DLC | New Dem Daily | May 8, 2000
Idea of the Week: Educational Investment and Accountability

The centerpiece of Texas Gov. George W. Bush's effort to project himself as a "compassionate conservative" has been his handling of the education issue. Bush has distanced himself from Congressional Republicans who want to either abolish federal involvement in education, or dump money on states and school boards without direction or accountability. Most strikingly, Bush adopted big chunks of a Progressive Policy Institute federal education overhaul plan that would consolidate small formula-based programs into large, performance-based grants combining flexibility with accountability.

Meanwhile, during the primary season, Vice President Al Gore emphasized his determination to increase federal spending for hiring teachers, building or rebuilding schools, and creating pre-kindergarten programs. Gore was on record favoring strong national standards, more results-oriented charter schools, and accountability for states, school districts, teachers and students, but did not talk about it much. Some journalists began to wonder out loud which candidate was the real New Democrat on education.

Last week, Gore answered that question. He is. He leapfrogged Bush on education in a speech that represented the campaign's first comprehensive effort to link more investment in schools with greater accountability for results, including public school choice. In a speech to the National Conference of Black Mayors, Gore got the message exactly right:

Investment without accountability is a waste of money. Accountability without investment is doomed to fail. And public school choice and competition are essential if we want to push schools to the highest possible levels of excellence in education.

Gore did far more than pay lip service to accountability. He reiterated his support for tough national standards and testing (including exit testing for high school seniors). He endorsed mandatory shutdowns for consistently underperforming schools. He called for removal of low-performing teachers and principals. And he pledged to make narrowing the "achievement gap" between high- and low-performing schools and school districts a tangible national goal and the linchpin for federal education funding. Furthermore, Gore recognized the importance of choice and competition in making public schools accountable to parents and taxpayers by calling for a tripling of the number of charter schools to more than 5,000 and for universal public school choice in the 100 lowest-performing school districts.

Most interesting, the Vice President's full support for educational accountability put him on much stronger ground in criticizing Gov. Bush's agenda.
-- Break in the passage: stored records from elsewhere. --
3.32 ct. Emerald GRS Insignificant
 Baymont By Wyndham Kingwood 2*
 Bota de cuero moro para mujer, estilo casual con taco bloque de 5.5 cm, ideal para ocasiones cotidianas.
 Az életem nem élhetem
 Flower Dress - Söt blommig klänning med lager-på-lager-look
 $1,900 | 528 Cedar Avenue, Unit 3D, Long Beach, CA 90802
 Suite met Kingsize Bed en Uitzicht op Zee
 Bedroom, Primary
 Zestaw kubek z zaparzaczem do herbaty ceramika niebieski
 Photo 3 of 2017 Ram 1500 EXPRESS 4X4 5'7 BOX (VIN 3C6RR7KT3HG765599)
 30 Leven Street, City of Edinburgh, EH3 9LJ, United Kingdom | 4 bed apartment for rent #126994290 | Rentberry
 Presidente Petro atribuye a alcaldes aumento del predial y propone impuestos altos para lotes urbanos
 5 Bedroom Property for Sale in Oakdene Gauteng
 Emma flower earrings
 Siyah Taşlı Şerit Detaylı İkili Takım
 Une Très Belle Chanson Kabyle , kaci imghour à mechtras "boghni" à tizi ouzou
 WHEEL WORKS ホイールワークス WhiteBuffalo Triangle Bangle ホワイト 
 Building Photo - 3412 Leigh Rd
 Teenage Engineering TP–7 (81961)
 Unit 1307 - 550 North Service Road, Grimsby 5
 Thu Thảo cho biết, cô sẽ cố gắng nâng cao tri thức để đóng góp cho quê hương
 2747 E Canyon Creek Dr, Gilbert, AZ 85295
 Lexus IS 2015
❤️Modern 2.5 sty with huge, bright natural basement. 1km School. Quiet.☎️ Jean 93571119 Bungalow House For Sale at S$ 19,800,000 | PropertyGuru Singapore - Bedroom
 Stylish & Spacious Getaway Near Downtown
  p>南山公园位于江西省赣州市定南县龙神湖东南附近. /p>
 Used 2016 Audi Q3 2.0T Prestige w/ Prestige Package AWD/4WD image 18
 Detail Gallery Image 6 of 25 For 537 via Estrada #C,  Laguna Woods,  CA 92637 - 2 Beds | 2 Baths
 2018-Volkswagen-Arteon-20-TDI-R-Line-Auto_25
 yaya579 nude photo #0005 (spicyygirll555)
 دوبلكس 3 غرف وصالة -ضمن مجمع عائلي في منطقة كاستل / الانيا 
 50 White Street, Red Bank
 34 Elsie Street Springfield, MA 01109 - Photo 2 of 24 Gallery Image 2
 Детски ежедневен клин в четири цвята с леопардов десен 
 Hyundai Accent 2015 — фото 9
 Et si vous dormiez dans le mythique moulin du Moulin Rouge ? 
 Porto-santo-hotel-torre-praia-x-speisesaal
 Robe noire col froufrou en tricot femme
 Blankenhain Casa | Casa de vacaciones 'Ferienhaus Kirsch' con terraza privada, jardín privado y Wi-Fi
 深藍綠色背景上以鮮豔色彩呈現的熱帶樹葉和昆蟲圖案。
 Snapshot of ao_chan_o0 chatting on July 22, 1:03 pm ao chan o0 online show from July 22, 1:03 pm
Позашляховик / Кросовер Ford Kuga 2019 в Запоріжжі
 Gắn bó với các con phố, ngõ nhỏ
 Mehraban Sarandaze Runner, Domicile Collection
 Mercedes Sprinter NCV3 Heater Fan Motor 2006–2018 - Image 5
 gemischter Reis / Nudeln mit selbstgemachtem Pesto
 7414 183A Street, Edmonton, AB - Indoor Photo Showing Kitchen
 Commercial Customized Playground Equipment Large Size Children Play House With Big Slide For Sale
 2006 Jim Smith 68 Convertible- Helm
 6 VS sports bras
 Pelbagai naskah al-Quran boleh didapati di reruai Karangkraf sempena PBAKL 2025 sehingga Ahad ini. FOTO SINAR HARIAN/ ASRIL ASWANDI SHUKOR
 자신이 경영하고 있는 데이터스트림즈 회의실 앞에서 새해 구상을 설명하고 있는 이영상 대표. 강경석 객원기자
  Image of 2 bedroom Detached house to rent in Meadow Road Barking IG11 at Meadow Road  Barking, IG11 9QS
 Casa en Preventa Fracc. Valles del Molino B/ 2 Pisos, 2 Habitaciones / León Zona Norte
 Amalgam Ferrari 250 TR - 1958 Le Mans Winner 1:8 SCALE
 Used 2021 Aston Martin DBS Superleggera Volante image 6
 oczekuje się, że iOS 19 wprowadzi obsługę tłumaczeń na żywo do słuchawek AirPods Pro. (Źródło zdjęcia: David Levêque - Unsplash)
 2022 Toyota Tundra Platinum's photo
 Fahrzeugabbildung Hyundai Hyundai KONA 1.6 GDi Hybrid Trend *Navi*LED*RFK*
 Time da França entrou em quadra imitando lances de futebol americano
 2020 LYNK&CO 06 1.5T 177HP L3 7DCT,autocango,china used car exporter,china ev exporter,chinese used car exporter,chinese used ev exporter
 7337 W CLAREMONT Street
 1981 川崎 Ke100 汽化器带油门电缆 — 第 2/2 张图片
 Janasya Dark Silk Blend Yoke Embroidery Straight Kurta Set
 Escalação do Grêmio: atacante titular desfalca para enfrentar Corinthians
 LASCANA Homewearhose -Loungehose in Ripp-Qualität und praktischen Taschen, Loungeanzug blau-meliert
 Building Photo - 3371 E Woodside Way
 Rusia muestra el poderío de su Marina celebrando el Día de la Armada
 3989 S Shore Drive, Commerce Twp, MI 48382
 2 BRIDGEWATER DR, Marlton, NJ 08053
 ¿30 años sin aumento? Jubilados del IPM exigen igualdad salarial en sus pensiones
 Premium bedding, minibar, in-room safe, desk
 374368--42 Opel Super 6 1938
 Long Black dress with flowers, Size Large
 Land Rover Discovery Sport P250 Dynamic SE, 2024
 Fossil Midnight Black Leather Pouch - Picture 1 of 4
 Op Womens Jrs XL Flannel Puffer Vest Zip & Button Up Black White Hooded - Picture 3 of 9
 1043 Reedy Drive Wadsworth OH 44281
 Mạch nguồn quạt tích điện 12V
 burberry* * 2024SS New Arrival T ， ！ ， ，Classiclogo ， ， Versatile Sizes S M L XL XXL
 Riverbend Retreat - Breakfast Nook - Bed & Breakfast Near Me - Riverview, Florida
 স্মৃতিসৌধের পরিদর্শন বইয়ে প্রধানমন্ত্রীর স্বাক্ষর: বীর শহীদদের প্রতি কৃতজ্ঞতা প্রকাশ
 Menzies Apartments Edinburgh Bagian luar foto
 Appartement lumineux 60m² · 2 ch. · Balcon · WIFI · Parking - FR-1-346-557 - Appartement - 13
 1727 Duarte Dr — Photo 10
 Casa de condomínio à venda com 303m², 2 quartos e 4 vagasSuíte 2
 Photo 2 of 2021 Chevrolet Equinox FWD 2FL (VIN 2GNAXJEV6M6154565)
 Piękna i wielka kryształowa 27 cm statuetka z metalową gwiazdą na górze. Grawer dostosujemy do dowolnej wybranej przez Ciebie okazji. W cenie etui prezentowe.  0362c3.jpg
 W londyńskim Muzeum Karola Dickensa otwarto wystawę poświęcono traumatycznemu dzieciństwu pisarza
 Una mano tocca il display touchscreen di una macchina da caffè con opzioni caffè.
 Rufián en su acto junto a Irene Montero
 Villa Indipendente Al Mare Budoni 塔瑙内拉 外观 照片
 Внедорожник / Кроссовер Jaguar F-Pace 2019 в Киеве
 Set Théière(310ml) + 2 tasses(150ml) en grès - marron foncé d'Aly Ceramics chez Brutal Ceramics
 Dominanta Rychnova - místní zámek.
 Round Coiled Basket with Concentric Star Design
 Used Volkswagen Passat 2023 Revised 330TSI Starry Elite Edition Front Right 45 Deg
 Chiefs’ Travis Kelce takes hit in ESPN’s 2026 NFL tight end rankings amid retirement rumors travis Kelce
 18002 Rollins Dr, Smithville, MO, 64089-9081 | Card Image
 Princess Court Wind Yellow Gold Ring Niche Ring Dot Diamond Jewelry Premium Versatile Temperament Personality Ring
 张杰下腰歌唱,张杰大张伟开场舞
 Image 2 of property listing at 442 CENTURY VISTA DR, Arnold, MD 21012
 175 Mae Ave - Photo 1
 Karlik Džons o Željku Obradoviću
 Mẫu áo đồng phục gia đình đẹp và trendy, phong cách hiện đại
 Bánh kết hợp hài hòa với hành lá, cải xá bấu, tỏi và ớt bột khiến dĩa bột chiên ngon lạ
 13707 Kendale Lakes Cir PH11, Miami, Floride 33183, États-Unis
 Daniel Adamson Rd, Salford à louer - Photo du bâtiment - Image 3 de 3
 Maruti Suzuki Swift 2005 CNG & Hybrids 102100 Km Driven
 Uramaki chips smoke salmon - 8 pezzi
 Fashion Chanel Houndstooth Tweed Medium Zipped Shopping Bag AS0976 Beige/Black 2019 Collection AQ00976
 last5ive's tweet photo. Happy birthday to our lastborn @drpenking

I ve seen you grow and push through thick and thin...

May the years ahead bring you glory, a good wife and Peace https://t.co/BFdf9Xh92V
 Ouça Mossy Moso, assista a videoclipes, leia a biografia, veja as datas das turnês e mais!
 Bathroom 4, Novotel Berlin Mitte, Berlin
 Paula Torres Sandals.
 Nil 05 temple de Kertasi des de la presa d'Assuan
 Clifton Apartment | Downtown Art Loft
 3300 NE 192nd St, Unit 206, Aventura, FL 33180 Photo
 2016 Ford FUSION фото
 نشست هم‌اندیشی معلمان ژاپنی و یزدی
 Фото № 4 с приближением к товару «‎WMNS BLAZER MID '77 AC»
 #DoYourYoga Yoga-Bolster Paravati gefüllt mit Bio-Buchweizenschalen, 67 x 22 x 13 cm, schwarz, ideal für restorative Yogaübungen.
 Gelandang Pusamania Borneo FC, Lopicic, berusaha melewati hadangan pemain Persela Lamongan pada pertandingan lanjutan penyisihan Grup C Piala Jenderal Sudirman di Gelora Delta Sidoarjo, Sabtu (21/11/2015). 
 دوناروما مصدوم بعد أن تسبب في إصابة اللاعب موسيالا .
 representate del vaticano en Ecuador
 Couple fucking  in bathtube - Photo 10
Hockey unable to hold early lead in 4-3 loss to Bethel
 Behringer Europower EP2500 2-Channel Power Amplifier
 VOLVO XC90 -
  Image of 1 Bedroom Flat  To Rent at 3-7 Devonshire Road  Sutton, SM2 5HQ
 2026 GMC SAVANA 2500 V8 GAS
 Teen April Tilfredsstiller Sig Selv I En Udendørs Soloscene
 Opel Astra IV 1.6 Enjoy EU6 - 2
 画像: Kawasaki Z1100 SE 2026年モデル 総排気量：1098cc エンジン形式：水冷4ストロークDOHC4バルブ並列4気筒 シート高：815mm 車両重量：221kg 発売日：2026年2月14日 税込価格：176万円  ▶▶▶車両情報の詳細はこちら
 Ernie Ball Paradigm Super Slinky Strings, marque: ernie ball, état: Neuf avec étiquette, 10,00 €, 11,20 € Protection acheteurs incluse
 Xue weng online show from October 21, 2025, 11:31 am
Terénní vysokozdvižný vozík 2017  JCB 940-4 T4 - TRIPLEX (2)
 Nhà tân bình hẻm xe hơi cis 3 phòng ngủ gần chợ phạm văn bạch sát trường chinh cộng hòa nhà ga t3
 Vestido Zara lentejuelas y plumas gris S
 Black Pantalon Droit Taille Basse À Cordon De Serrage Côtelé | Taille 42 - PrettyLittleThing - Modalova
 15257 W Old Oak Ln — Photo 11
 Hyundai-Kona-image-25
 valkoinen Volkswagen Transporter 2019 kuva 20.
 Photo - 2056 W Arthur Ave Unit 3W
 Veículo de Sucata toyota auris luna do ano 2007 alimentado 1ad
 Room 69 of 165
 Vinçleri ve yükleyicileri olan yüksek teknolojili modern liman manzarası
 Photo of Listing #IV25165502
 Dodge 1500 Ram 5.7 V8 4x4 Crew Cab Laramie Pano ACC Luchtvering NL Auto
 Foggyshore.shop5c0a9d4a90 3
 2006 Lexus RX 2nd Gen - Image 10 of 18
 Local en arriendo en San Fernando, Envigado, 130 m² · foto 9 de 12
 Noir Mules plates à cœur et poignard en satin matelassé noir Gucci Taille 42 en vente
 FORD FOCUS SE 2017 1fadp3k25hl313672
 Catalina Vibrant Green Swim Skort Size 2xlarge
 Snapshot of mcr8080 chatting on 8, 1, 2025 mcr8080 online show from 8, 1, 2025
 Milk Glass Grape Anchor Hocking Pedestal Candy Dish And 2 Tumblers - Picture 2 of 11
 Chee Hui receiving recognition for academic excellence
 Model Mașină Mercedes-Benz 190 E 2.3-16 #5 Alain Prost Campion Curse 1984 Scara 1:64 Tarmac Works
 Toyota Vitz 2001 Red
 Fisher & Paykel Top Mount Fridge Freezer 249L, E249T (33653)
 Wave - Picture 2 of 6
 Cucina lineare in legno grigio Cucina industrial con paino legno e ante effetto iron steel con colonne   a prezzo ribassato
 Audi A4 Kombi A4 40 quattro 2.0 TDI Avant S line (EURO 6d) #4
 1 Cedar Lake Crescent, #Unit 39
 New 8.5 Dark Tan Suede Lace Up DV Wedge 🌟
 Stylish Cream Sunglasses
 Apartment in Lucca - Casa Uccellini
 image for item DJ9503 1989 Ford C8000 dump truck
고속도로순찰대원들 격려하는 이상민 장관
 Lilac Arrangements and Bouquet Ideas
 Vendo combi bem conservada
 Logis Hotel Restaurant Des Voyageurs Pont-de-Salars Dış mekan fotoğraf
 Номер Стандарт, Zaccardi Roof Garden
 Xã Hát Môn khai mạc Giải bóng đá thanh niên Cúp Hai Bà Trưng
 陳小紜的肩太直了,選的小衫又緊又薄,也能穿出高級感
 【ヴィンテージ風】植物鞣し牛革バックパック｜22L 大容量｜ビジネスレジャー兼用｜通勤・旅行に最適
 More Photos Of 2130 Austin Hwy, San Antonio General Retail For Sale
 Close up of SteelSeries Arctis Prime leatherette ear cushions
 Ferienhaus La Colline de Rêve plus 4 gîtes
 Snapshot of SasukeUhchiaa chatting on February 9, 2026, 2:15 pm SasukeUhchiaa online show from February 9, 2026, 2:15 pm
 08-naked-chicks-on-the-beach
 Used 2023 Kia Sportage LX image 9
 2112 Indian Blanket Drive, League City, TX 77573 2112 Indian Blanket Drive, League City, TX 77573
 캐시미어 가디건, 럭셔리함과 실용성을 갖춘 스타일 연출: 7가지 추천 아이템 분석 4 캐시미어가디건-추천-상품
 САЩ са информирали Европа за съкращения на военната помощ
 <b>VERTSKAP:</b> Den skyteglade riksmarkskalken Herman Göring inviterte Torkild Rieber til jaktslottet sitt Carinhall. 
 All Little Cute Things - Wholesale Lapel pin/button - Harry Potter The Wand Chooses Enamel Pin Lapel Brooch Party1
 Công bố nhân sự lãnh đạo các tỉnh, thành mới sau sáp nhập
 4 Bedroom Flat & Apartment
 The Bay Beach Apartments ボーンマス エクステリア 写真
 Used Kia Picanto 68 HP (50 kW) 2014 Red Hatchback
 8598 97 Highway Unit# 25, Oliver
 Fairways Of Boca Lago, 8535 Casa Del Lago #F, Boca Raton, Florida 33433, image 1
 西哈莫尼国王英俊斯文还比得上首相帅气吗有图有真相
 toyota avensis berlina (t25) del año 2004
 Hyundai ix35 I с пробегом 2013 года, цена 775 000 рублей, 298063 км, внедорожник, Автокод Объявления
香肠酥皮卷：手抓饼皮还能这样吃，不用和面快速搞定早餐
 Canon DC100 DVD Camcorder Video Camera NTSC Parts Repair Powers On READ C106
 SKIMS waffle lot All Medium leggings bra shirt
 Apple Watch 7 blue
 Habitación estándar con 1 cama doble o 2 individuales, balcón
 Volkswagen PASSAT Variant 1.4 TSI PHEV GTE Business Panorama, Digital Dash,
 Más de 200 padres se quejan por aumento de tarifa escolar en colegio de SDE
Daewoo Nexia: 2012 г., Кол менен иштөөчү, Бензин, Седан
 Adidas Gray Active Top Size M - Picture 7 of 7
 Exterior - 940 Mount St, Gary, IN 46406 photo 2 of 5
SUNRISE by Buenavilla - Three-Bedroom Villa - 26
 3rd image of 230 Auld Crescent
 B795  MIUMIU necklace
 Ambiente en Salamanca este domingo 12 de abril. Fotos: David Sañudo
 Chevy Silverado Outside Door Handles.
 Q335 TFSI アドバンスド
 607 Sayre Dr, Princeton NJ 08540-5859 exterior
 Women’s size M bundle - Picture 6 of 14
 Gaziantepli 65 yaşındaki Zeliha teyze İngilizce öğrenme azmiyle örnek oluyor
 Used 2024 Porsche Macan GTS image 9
Some Democrats have attacked Bush for demanding too much accountability for schools, teachers, and students. But Gore's main line of attack was that Bush is undermining his own accountability effort by supporting the use of public funds (through vouchers and tax-free savings accounts) for private schools that are not accountable to any public authority. As Gore noted:

[Bush's] answer for failing schools is to take away a major portion of their funding, and allow it to be used for private schools through vouchers--giving parents a fraction of what private tuition really costs, and giving taxpayer dollars to schools that are accountable to no one.

Gov. Bush's campaign claimed that Gore's speech stole Bush's ideas on accountability. Since Bush purloined a New Democrat accountability proposal and then grafted vouchers and other private school subsidies onto it, this is a bit like the burglar shouting "Stop, thief!" But this is one campaign fight that can produce winning ideas for the country.